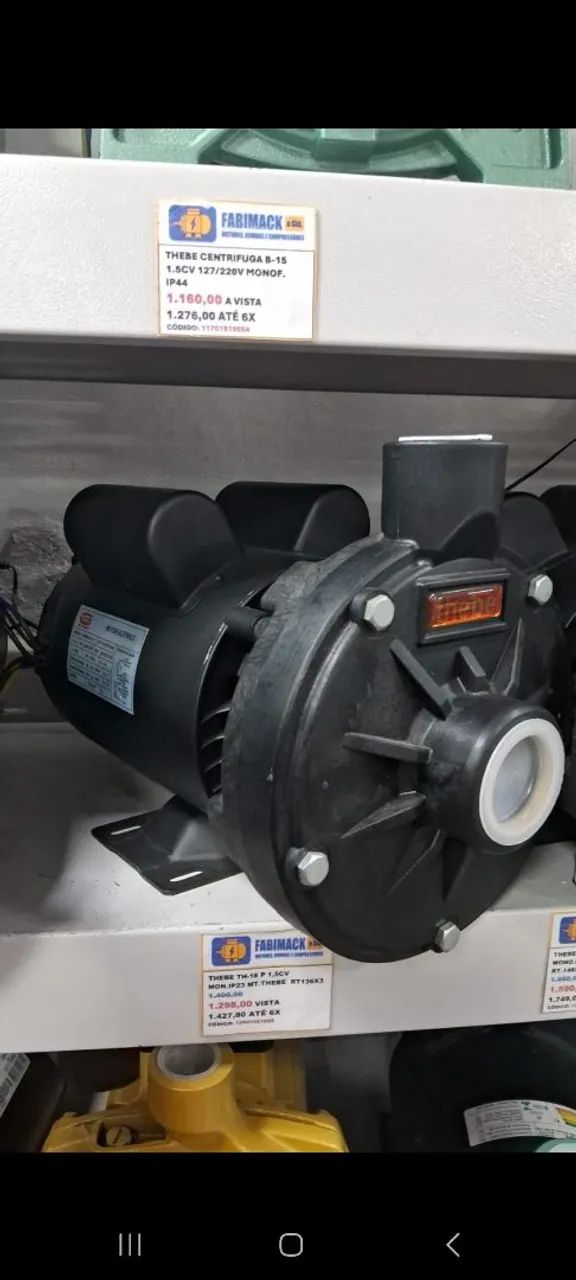 BOMBA CENTRÍFUGA 1,5CV 127/220V VAZÃO MAX 16 TH-16 P THEBE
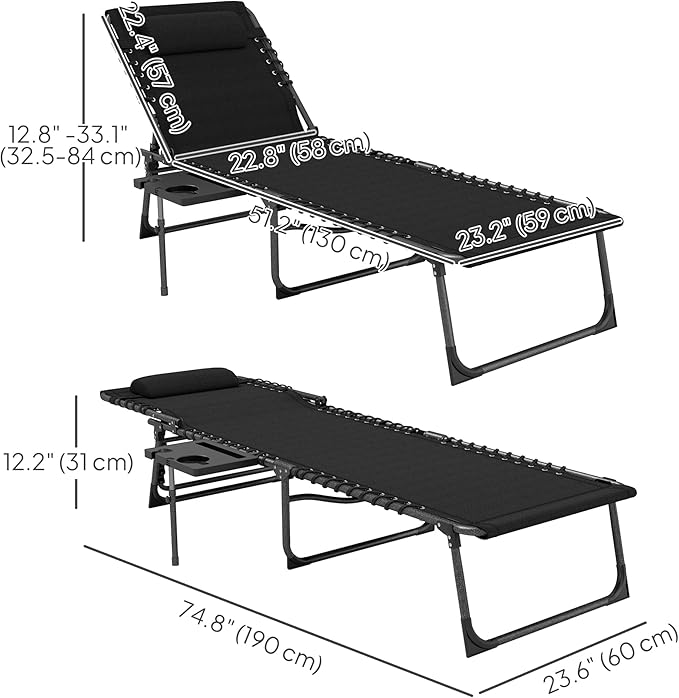 Outsunny Folding Chaise Lounge Chair Outdoor Tanning Chair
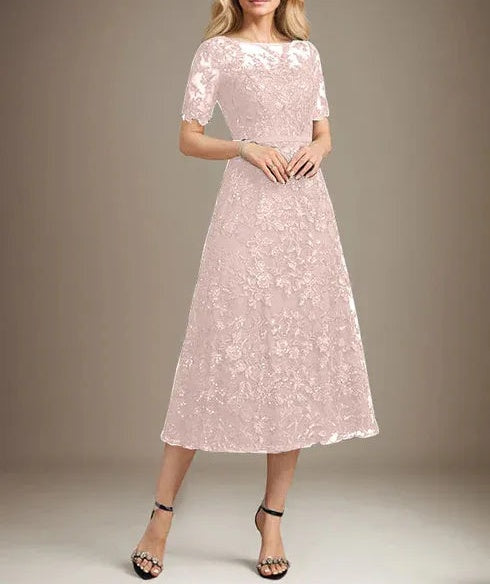 A-line Scoop Illusion Tea-Length Lace Mother of the Bride Dress With Sequins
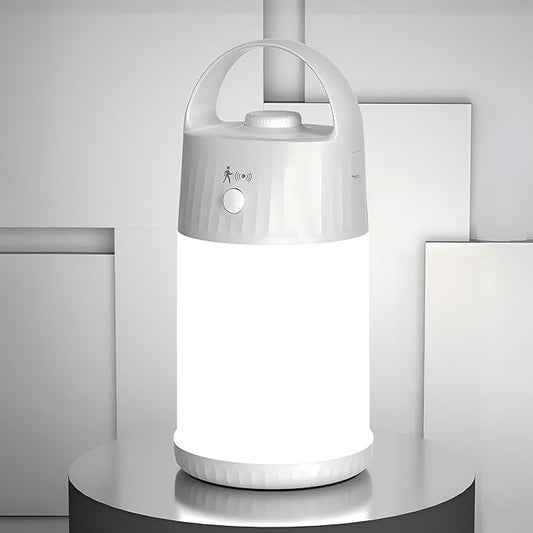 Upgraded Motion Sensor Night Light with 4 Adjustable Brightness Levels,Portable Rechargeable LED Lamp with PIR Motion Detection, 4000mAh Battery, Ideal for Bedroom, Closet, Camping (White)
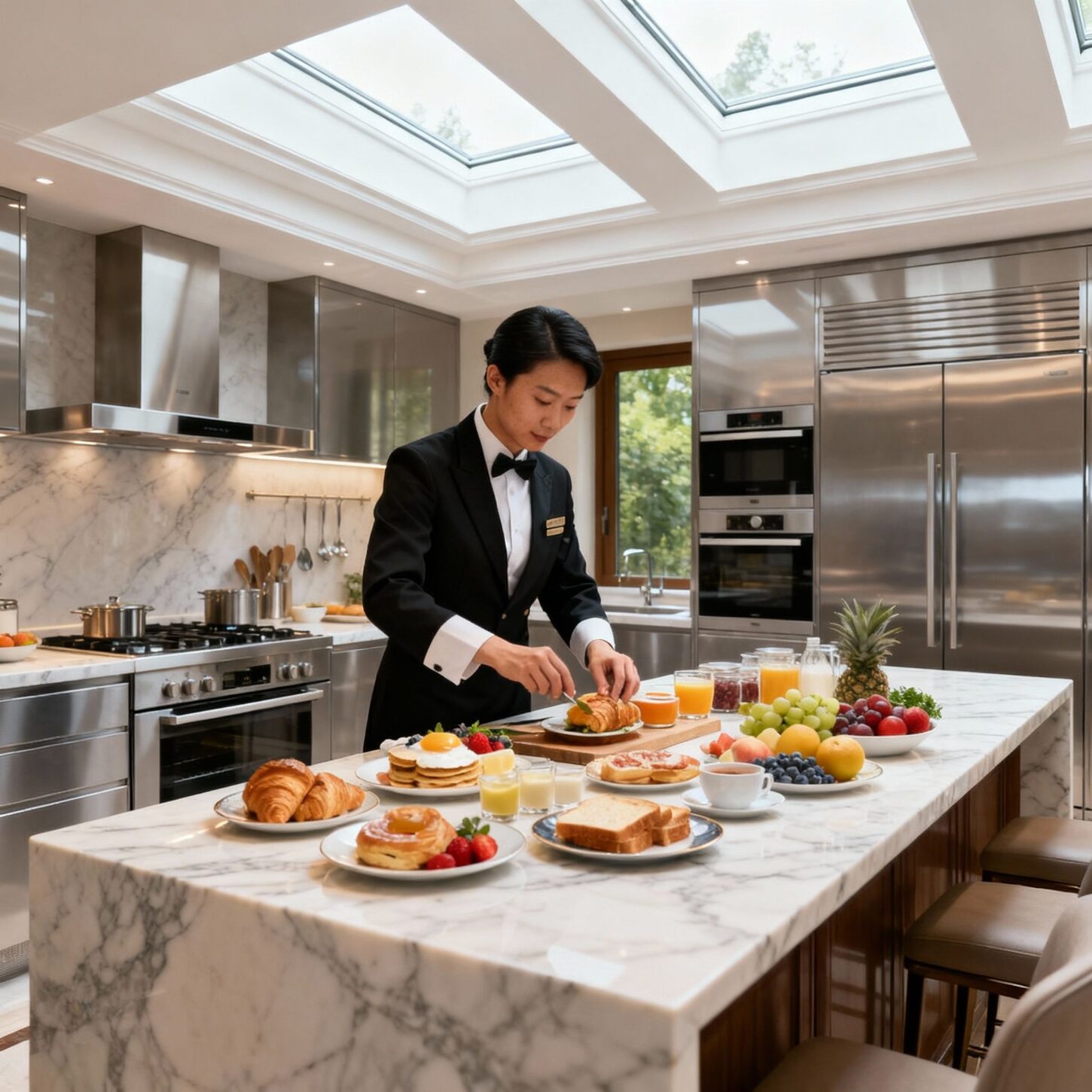 Agenzia per personale domestico Padova - Personale asiatico in cucina luxury per colazione gourmet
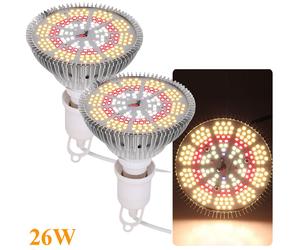 Lampe de culture 26 W, 200 LED, lumière solaire, culot E27, pour plantes d'intérieur ; lampe de culture avec rayons UV et IR pour plantes, serre, fleurs, légumes et semis (lot de 2)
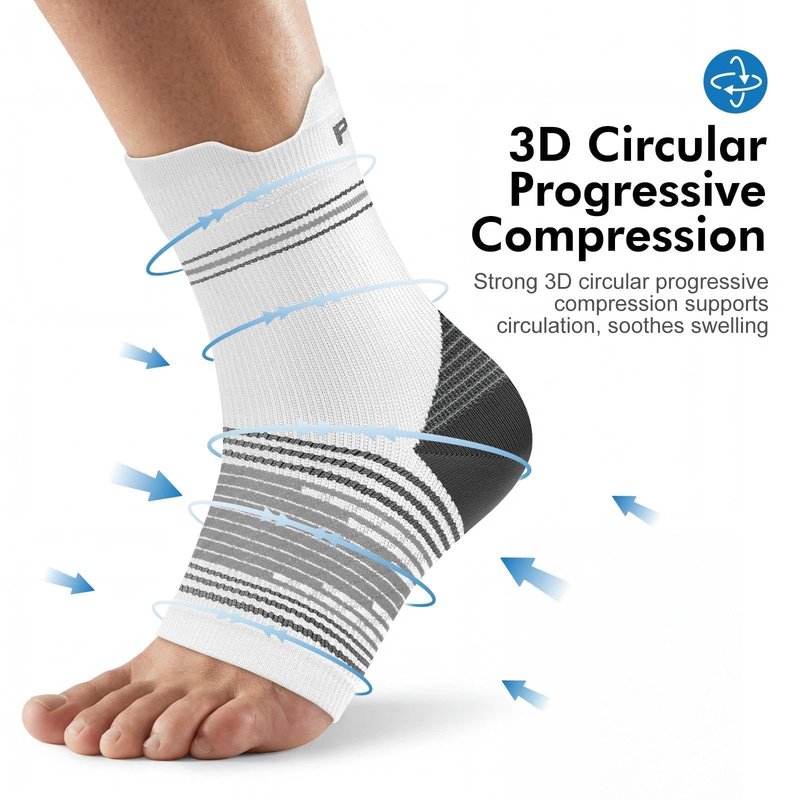 6 Pairs Plantar Fasciitis Socks for Men & Women, Ankle Brace Compression Socks with Arch Support for Achilles Tendonitis, Heel Pain, Swelling & Arthritis Relief, White, X-Large
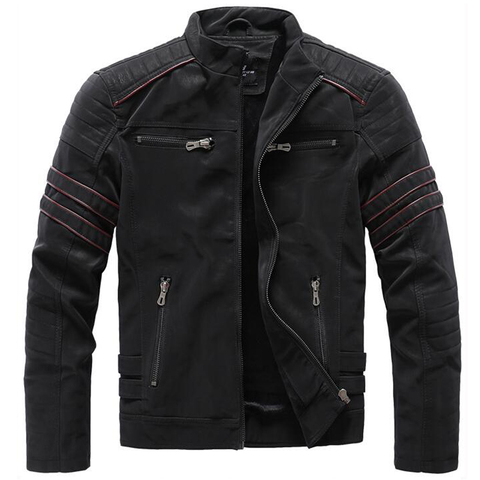 Chaquetas de cuero sintético para hombre, Casaca de motociclista con cuello levantado, informal, con cremallera, lavados, Retro, para Otoño e Invierno ► Foto 1/6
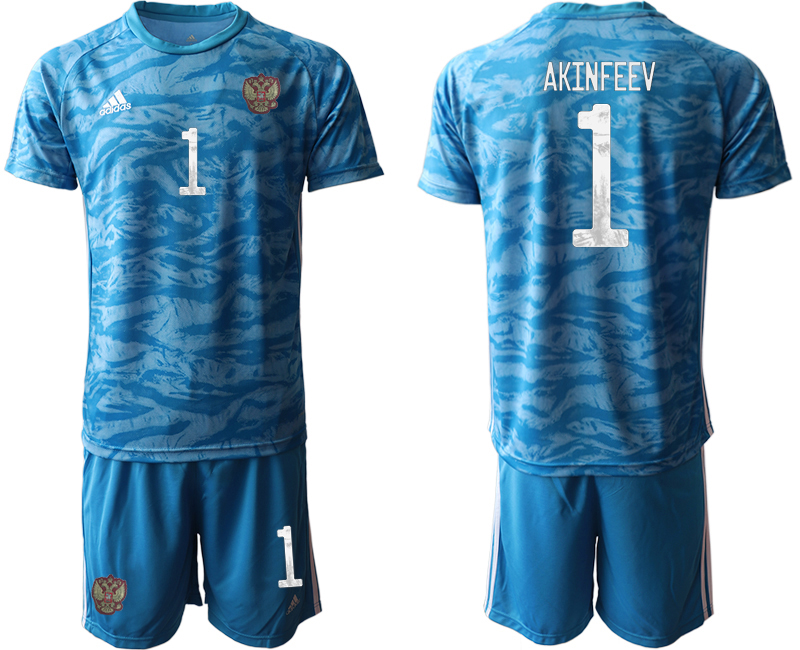 2020-21 Russia blue goalkeeper 1# AKINFEEV soccer jerseys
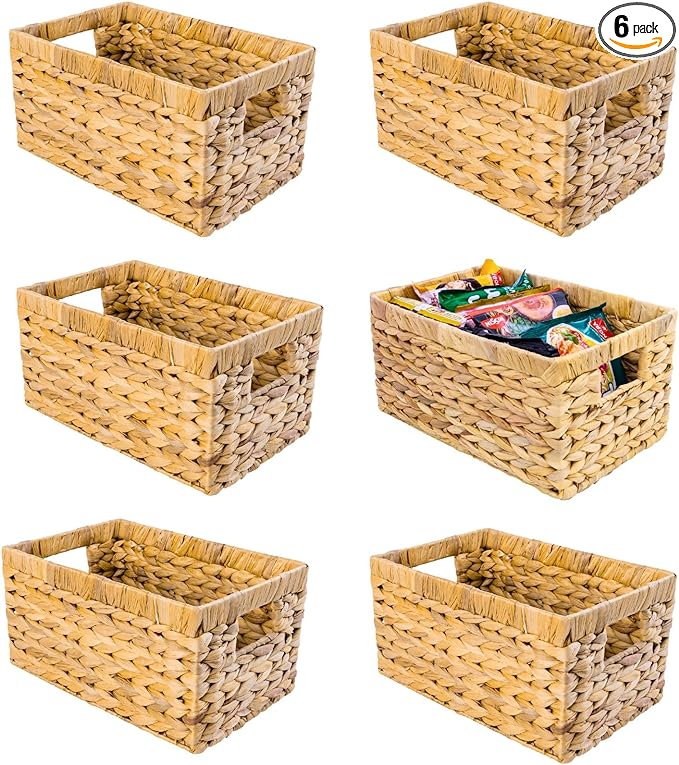 Set of 6 Wicker Storage Basket, Water Hyacinth Storage Baskets, Wicker Storage by M4DECOR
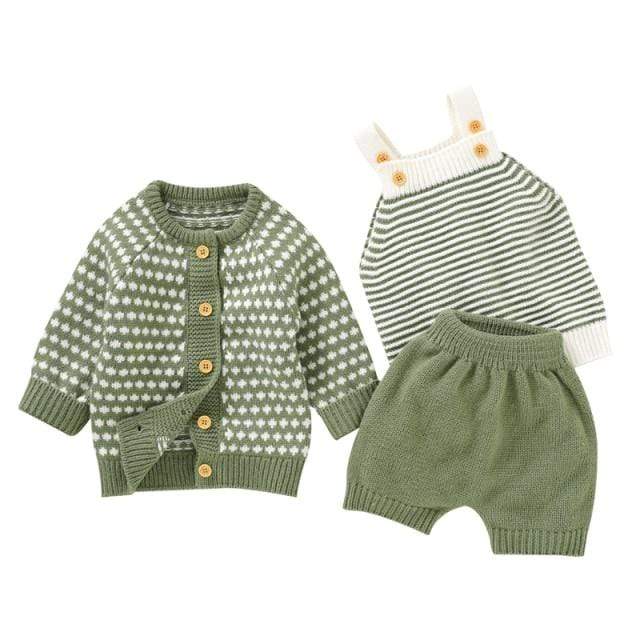 Girl's Clothing 82W797-798-4 2 / 3M Knitted Sweater + Vest + Short Fashion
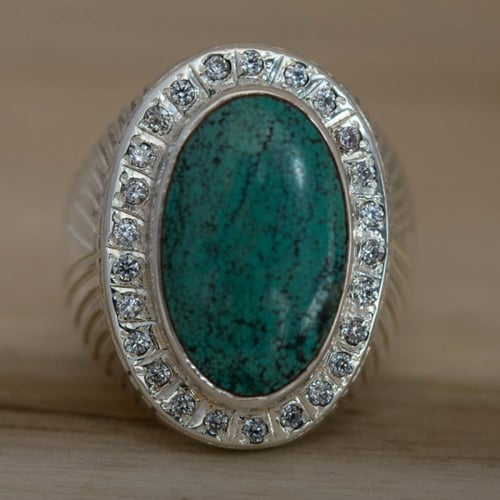 خاتم رجالي حجر الفيروز الطبيعي واحجار الزركون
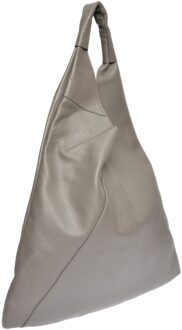 Grijze Leren Tas Grijs - One Size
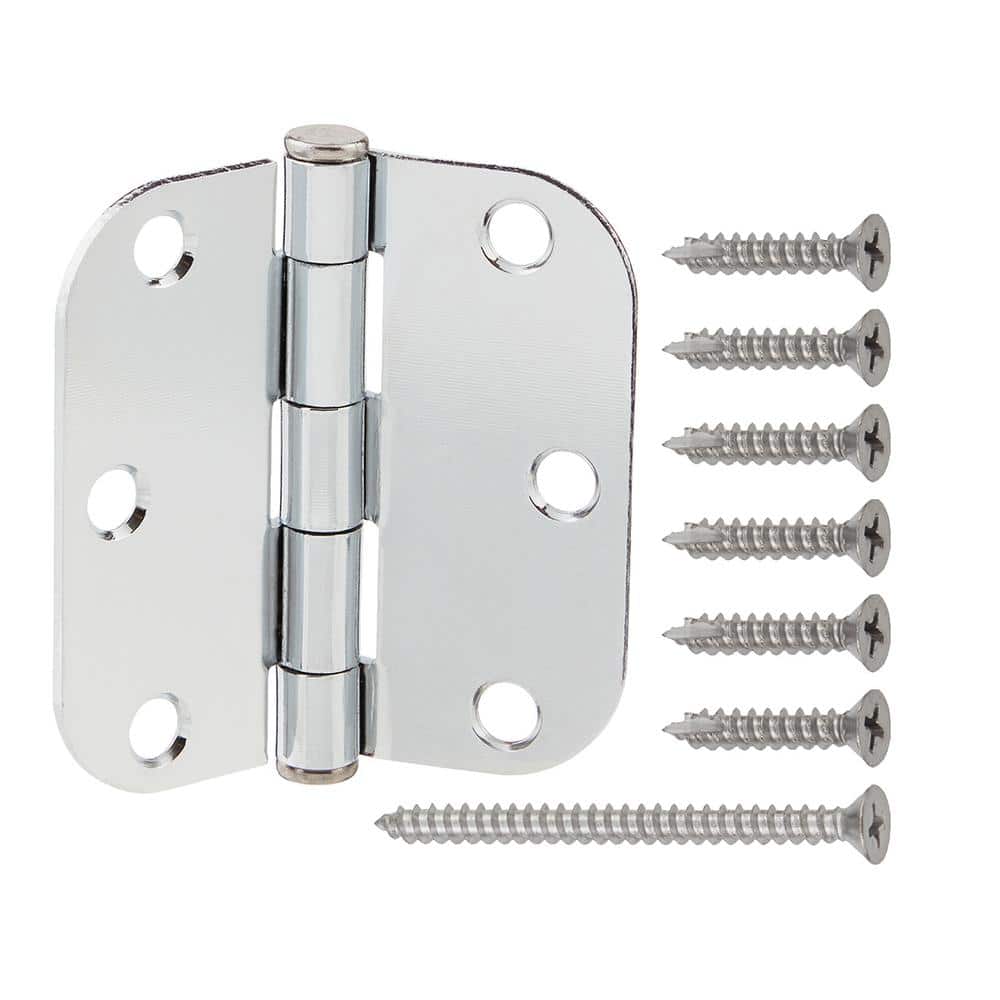 3 in. x 5/8 in. Radius Chrome Squeak-Free Door Hinge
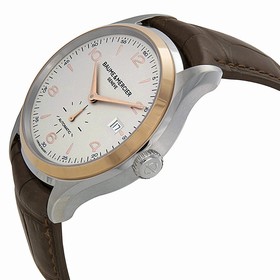 Baume et Mercier Clifton Automatic Silver Dial Brown Leather Men's Watch 10139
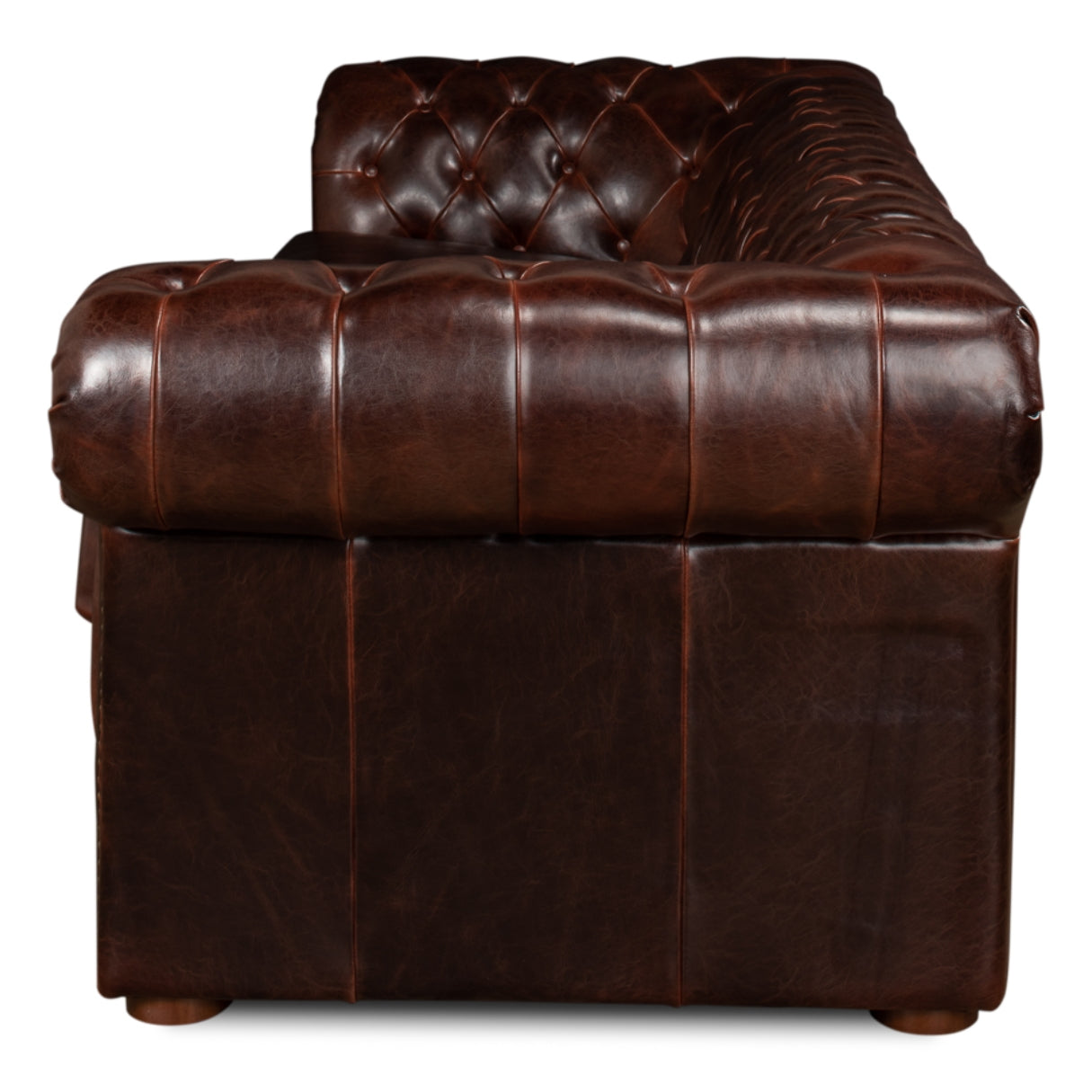 Luxurious Brown Leather Chesterfield Sofa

•••••

**The problem:** Pictures do not belong in the answer. Return the lines above starting at the one with "Chaquetas de cuero" and ending at the one with "2020-21 Russia blue", both kept, exactly.

**Output for this exercise:**
 Chaquetas de cuero sintético para hombre, Casaca de motociclista con cuello levantado, informal, con cremallera, lavados, Retro, para Otoño e Invierno ► Foto 1/6
 2020-21 Russia blue goalkeeper 1# AKINFEEV soccer jerseys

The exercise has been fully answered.